07 April 2015 - Every day, in communities large and small the world over, acts of corruption undermine development, education, health care, justice and democracy. To combat this crime, the need to have international and national provisions in place is more important than ever. At a global level, Member States continue to sign up to the United Nations' two crucial conventions against Corruption and Organized Crime. Meanwhile domestically, Governments are increasingly looking to put in place legislation that will establish frameworks against corruption in order to bolster anti-corruption measures.
Recently, the Nigerian Government, with support from UNODC under a European Union-funded anti-corruption project that is being implemented in the country, amended the national extradition law. The previous version of the legislation - which had been in place since 1967 - had some legal ambiguities which had been used to delay the extradition process. On average, this delayed matters by an average of two and a half years; in extreme cases the entire extradition proceeding could be stalled indefinitely.
Under the United Nations Convention Against Corruption (UNCAC), one of the tools of international cooperation is an efficient legal framework for extradition purposes. Article 44(9) specifically calls on signatory countries to expedite extradition proceedings and, through amending the law on extradition, Nigeria has brought its national legislation into compliance with the Convention's provision. The law will not only enhance the fight against corruption, but also contribute to efforts against other transnational organized crimes such as drug trafficking, human trafficking, terrorist financing and money laundering.
To assist Nigeria in this, UNODC provided technical support to the Federal High Court and Central Authority Unit to develop the draft amendment to the Extradition Act. UNODC also incorporated input from discussions held with judges, legal experts and law enforcement officials from the country.

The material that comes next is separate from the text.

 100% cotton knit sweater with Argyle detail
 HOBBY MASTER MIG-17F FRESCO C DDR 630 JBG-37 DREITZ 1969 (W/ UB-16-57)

The UNCAC, of which UNODC is the guardian, is the only universal anti-corruption instrument. The Convention's far-reaching approach and the mandatory character of many of its provisions make it a unique tool for developing a comprehensive response to a global problem. The UNCAC covers five main areas: prevention, criminalization and law enforcement measures, international cooperation, asset recovery, and technical assistance and information exchange. The UNCAC covers many different forms of corruption, such as trading in influence, abuse of power, and various acts of corruption in the private sector.